I had, until today, worn old Army boots, both German and U.S models. I'd tried short style motorcycle-styled boots that laced up and a pair that zipped up that I got on Ebay. They all worked well enough but lately I'd realized that skimping on safety gear is not the smartest thing in the world.

These thoughts had come to mind when I found, upon starting my latest work contract, that the guy I work with had been a rider but had given it up after a crash where he had to lay down his motorcycle. In the process of doing so, his ankle was struck by the motorcycle's footpeg and was smashed. He was four months in a cast and he's not ridden since. Now, he was wearing boots but I got the impression they did not offer the protection of modern motorcycling boots.

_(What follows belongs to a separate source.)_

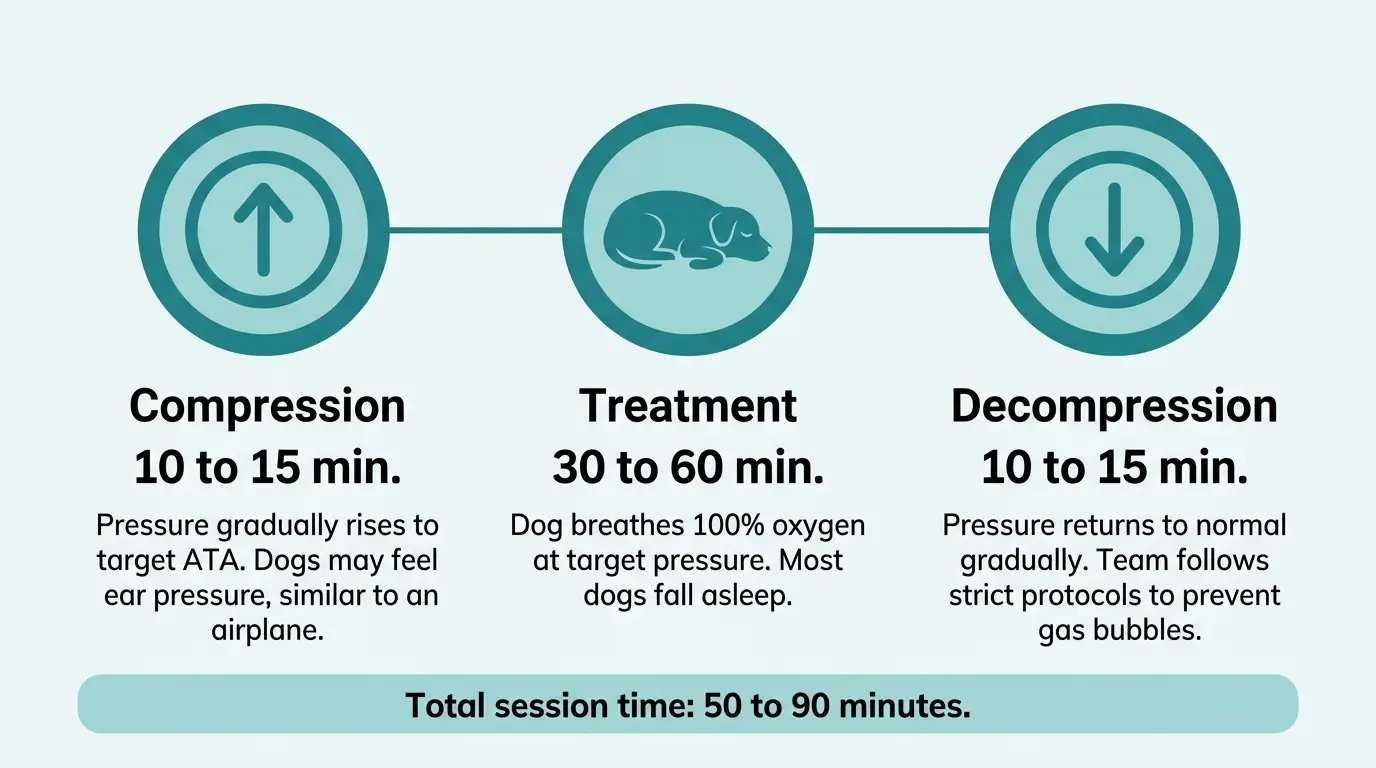 Timeline showing the three phases of a veterinary HBOT session: compression (10-15 min), treatment (30-60 min), and decompression (10-15 min)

So now, I am the proud owner of a pair of Oxtar Matrix 2 Goretex Boots that I bought from I've bought other items from newenough before and they've been great in terms of service and pricing. They've a great reputation online at the motorcycling forums I frequent as well. Here's a pic of the boots from their site:

I am glad I paid attention to their sizing notes since I would have ordered one size too small. The size 43 I got are nice and snug and in time should stretch a wee bit. I went for a short ride upon getting the boots in the mail today. (Note: Ordered on Monday, got them two days later!, now that's service!)

The new boots made using the gear shift pedal a bit different, not used to having such high cut boots, the upper portion of which I feel pressing into the motorcycle's fairing as I move to engage the gear shift pedal. But I got used to it quickly enough during the ride and expect it'll be just part of the normal ride process.

The boots' high cut and front cushion make the act of riding on my boot heels to relieve pressure on the knee a more comfortable proposition. Before, with the short boots, I could feel my shins pressing, sometimes uncomfortably, on the motorcycle's fairings.

The boots are pretty flexible right out of the box, been wearing them around the house and they do get a bit "warm" but not hot due to I assume the goretex that the boot has in its makeup. Very nice protection features as outlined on the website, with a noticeable armor point for the ankles. There's pads on the boots where they would engage the clutch lever so that'll save on wear and tear that I'd been seeing on my regular boots.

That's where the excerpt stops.